We [women] are doing this TOGETHER. As I reflect on my life, especially as a woman in sport, I find myself always recognizing and referring back to the champions and sponsors of my career. They are ALL men. I am where I am because of their unwavering support and the space to allow me to be me, authentically. This started with my daddy. As a toddler, he and I watched Sportscenter late at night, well past my bed time, and it is him who never hesitates to remind me that I am where I am because of who I am. I belong. And I should never question that.

This post, however, is not about the men who have championed me. It is about the hidden women who have always been in my corner, whether I recognized them publicly, or even realized it at the time. I come from a long line of praying women. These women have molded me into who I am, allowed me to be me regardless of how it went against the grain, and prayed for me when I didn’t know how to pray for myself.
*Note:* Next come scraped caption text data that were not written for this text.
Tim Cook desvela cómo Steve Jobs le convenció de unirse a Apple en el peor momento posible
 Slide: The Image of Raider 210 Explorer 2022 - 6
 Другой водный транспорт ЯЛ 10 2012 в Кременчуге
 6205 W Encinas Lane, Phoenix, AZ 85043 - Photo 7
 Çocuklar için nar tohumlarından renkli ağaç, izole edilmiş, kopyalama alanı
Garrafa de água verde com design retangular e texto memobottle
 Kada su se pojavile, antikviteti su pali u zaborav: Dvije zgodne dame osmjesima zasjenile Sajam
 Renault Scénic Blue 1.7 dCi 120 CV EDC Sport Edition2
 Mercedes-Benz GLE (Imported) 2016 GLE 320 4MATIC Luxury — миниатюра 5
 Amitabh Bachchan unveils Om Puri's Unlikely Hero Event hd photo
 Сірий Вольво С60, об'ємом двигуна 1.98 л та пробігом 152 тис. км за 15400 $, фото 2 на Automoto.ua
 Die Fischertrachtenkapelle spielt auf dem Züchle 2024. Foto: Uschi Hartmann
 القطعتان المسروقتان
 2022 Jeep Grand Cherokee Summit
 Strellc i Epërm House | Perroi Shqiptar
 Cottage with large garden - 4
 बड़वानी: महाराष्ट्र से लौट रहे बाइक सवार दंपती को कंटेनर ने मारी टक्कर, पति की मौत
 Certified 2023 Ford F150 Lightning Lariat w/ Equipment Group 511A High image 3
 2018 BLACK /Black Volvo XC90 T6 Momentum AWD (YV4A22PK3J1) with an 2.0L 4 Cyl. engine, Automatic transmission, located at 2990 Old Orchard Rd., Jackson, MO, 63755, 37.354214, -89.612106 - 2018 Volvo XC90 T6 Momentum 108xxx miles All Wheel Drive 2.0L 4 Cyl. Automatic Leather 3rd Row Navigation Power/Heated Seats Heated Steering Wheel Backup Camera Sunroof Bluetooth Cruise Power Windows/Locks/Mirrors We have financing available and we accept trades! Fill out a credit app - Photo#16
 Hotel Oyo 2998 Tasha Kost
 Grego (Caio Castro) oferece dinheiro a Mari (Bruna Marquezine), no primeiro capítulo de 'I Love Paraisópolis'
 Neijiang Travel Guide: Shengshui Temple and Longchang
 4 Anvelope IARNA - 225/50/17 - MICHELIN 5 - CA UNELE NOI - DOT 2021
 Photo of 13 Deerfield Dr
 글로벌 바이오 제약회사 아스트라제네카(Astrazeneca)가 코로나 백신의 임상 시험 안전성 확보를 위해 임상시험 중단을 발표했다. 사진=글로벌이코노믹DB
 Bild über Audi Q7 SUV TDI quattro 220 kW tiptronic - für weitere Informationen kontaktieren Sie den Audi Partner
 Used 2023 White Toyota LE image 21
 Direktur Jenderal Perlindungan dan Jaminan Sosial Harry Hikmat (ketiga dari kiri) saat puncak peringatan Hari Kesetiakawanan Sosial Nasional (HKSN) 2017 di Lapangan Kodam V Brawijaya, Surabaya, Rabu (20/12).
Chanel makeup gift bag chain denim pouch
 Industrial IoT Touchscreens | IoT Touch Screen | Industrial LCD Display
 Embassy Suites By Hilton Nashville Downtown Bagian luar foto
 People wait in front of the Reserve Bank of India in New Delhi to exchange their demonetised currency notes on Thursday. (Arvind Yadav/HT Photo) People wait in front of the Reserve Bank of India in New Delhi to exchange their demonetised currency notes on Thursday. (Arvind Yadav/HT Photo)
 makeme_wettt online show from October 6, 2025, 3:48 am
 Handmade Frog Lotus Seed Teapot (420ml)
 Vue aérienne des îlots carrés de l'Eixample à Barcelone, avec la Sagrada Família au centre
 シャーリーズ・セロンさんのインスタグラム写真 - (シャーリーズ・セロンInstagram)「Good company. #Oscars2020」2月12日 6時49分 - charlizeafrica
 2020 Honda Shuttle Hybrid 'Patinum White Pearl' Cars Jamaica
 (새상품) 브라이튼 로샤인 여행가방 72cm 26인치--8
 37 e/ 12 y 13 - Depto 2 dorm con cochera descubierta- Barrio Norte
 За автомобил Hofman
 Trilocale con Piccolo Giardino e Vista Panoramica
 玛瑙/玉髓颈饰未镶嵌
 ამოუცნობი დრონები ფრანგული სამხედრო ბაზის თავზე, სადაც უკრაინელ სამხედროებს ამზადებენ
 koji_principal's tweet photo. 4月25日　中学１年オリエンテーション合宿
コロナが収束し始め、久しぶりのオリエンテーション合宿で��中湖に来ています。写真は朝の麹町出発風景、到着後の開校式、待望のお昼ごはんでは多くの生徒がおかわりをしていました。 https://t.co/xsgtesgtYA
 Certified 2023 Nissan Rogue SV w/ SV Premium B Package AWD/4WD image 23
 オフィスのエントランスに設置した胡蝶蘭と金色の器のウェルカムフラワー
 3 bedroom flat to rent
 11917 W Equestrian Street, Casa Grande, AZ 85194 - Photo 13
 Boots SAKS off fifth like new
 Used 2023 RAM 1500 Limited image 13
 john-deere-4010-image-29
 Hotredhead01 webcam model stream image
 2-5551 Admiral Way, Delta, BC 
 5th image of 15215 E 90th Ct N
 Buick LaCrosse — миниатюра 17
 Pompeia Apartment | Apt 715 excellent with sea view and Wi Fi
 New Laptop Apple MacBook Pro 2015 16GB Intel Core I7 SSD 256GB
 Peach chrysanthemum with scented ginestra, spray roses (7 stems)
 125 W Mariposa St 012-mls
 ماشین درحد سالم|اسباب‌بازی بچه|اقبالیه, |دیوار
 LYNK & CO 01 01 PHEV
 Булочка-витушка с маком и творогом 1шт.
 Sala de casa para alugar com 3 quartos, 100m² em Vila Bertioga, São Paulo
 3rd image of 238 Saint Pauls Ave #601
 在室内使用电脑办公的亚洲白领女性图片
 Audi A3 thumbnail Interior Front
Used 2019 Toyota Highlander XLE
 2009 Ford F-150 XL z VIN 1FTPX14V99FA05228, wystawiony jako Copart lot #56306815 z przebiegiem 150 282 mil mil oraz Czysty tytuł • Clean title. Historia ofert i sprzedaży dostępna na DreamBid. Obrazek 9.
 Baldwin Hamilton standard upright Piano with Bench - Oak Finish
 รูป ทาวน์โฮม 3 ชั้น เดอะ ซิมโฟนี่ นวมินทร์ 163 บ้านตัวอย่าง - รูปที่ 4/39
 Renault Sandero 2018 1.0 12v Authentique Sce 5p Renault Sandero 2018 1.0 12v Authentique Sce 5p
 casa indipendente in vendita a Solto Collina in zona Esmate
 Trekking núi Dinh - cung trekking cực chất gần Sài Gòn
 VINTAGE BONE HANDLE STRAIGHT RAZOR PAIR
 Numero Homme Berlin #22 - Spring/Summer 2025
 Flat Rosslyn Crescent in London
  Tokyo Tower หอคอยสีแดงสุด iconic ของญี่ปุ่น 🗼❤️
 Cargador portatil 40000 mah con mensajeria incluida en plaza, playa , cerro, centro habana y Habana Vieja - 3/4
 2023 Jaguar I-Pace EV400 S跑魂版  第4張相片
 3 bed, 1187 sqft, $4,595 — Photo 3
Biggest of shoutouts to my mama, my Gran, and all my aunties (both blood and the chosen ones).


As a lifelong athlete, I think back on my middle school basketball coach who no doubt saved me from myself in more ways that she will ever know. As I struggled with [what I know now as] anxiety contributing to an eating disorder, she brought me to her office multiple times a week to make sure I properly ate, and provided a space for me to just talk.
My female college coaches gave me a space to crash in their office and have life conversations that really sparked my love for being a difference maker in the lives of everyone I came in contact in. They trusted me as a leader. The showed me that I didn’t have to be the most athletically gifted to be an impact maker. They empowered me as a college-aged woman and further as a young college coach, trying to find my way.


As a young professional, I didn’t have many women in my immediate view, and I definitely didn’t have many who chose to take me under their wing. For those who personally took a vested interest in me, lifting me up, supporting me, keeping it real with me – Andy, Amber, Monique, Evie, Dianna, Nanny Dee – and the other women I admired from the “sideline”, THANK YOU. From you all, I learned resilience. I learned how to advocate for myself. I learned confidence to not only walk in the room, but always OWN IT.


We don’t get to where we are on our own, and I dang sure wouldn’t be where I am without my hidden figures. I didn’t have this enormous pool to choose but I wholeheartedly stand on being for others what I didn’t have for myself.